- Problem to solve:
From the records that follow, return exactly the lines beginning at the one that contains "Getting down to" and ending at the one that contains "Hello friends, welcome", pictures left out.

------ Material supplied ------

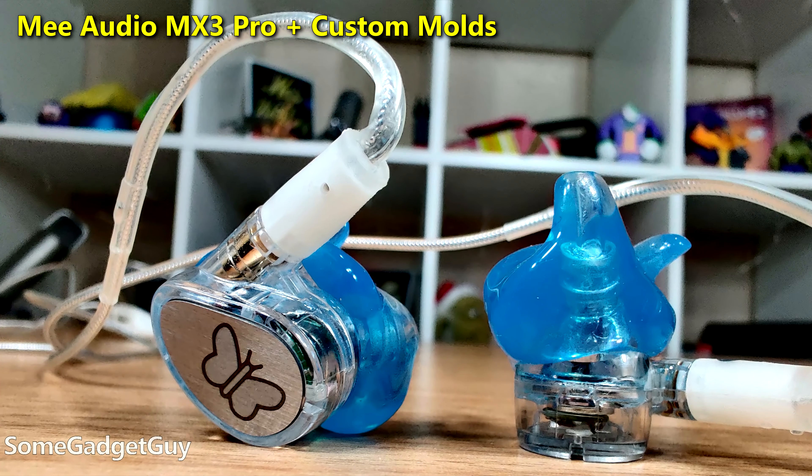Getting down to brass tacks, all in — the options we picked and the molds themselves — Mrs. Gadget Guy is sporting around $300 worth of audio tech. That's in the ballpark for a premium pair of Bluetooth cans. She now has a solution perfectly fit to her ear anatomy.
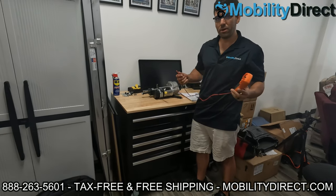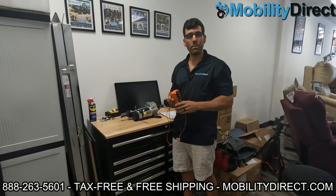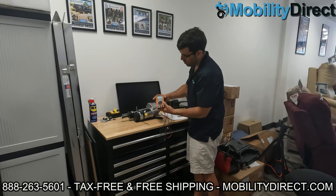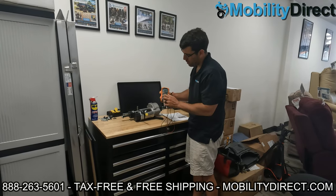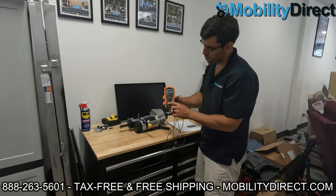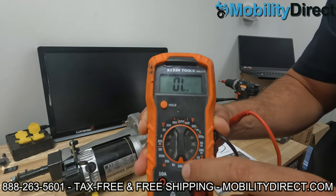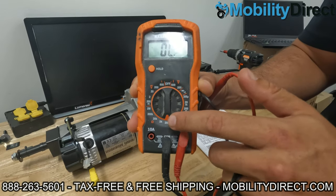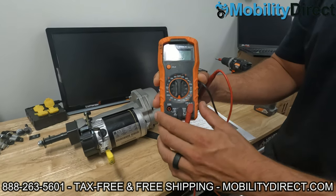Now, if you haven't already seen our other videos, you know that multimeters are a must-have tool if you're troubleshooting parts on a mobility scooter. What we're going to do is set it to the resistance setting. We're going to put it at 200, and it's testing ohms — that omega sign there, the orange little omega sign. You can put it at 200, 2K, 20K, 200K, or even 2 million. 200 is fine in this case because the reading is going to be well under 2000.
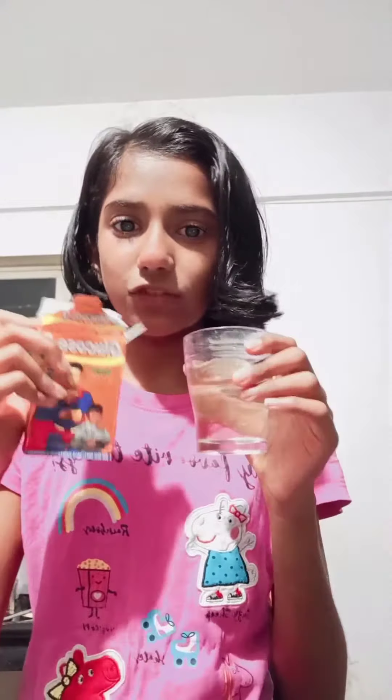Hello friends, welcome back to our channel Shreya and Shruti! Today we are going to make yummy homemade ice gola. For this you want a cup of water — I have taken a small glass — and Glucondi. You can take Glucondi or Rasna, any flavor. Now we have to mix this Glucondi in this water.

------
------ Material supplied ------

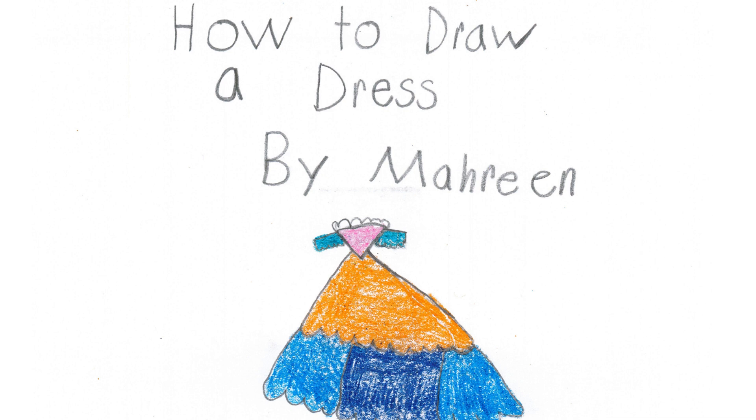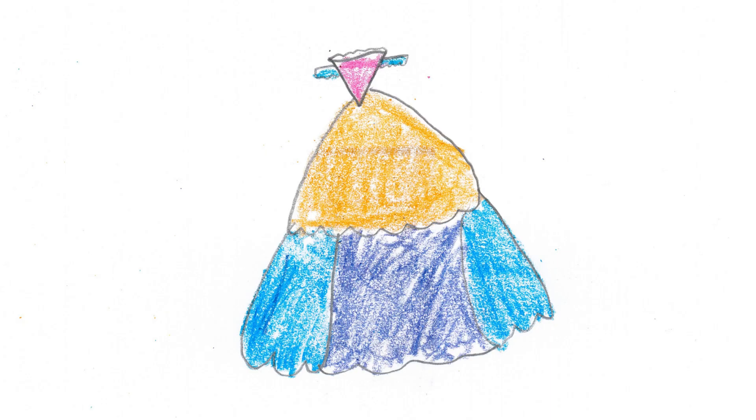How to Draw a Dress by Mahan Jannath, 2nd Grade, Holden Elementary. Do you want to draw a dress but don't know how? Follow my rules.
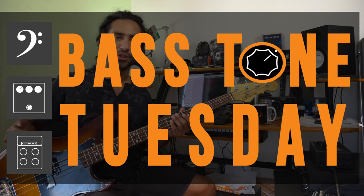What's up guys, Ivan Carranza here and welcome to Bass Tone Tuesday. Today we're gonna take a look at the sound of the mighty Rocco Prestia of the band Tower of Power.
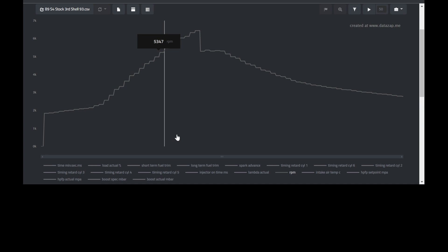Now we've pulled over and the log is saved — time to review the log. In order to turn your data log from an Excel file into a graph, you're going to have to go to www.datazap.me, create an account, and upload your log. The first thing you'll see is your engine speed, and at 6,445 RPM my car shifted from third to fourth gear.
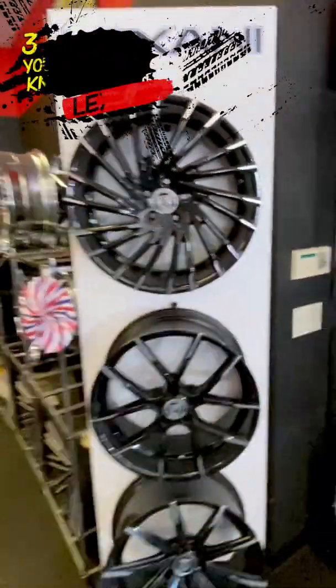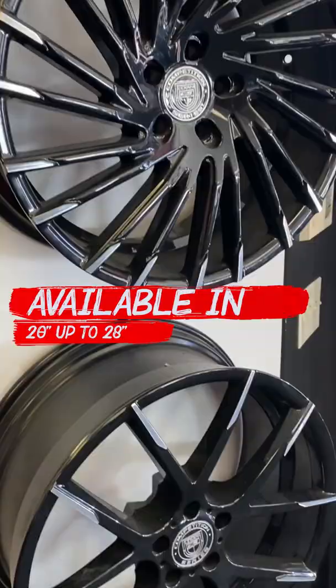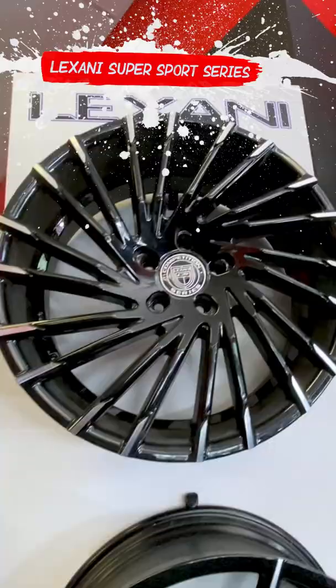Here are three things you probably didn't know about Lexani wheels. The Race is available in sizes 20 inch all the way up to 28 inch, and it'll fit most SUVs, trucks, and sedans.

------
------ Material supplied ------

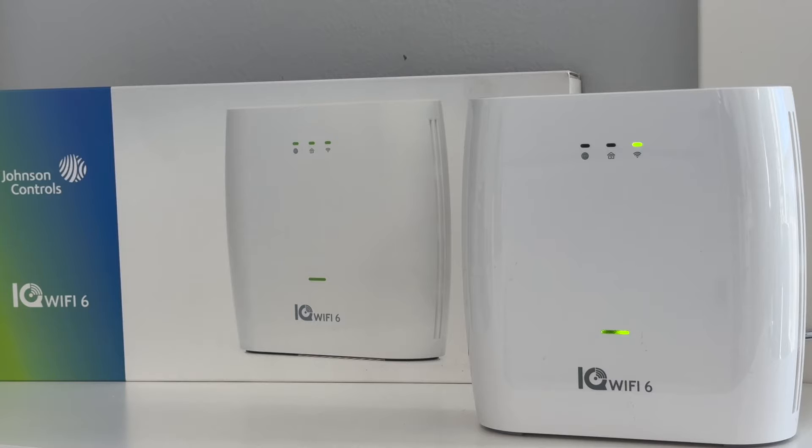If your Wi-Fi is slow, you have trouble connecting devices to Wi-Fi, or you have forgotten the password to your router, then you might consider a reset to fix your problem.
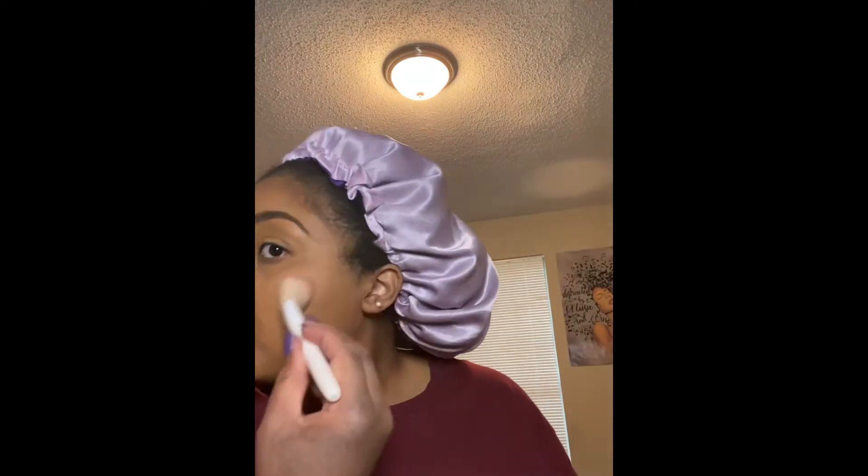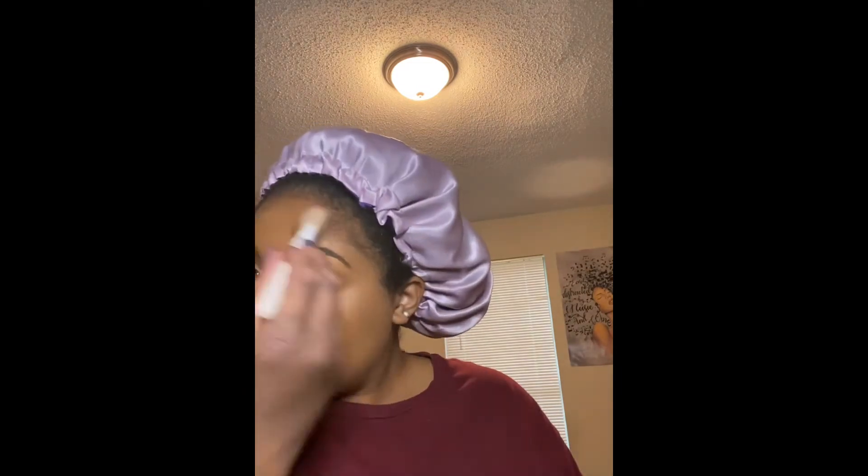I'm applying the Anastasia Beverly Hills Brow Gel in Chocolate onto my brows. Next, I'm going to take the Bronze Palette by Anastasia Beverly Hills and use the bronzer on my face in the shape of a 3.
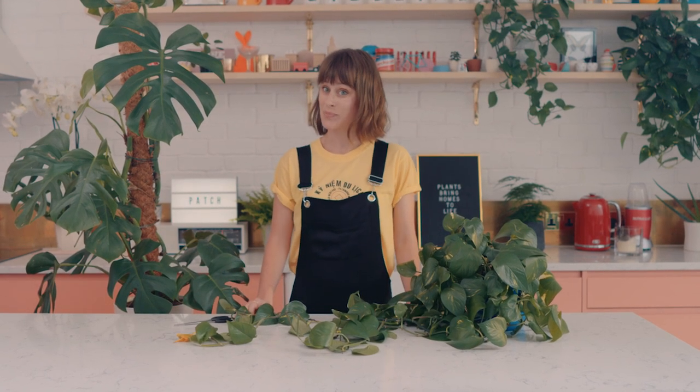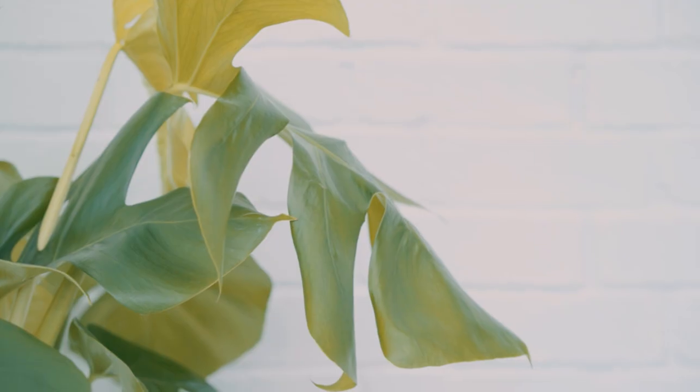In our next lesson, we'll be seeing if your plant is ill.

------

- Solution to this problem:
Getting down to brass tacks, all in — the options we picked and the molds themselves — Mrs. Gadget Guy is sporting around $300 worth of audio tech. That's in the ballpark for a premium pair of Bluetooth cans. She now has a solution perfectly fit to her ear anatomy.
Now, if you haven't already seen our other videos, you know that multimeters are a must-have tool if you're troubleshooting parts on a mobility scooter. What we're going to do is set it to the resistance setting. We're going to put it at 200, and it's testing ohms — that omega sign there, the orange little omega sign. You can put it at 200, 2K, 20K, 200K, or even 2 million. 200 is fine in this case because the reading is going to be well under 2000.
Hello friends, welcome back to our channel Shreya and Shruti! Today we are going to make yummy homemade ice gola. For this you want a cup of water — I have taken a small glass — and Glucondi. You can take Glucondi or Rasna, any flavor. Now we have to mix this Glucondi in this water.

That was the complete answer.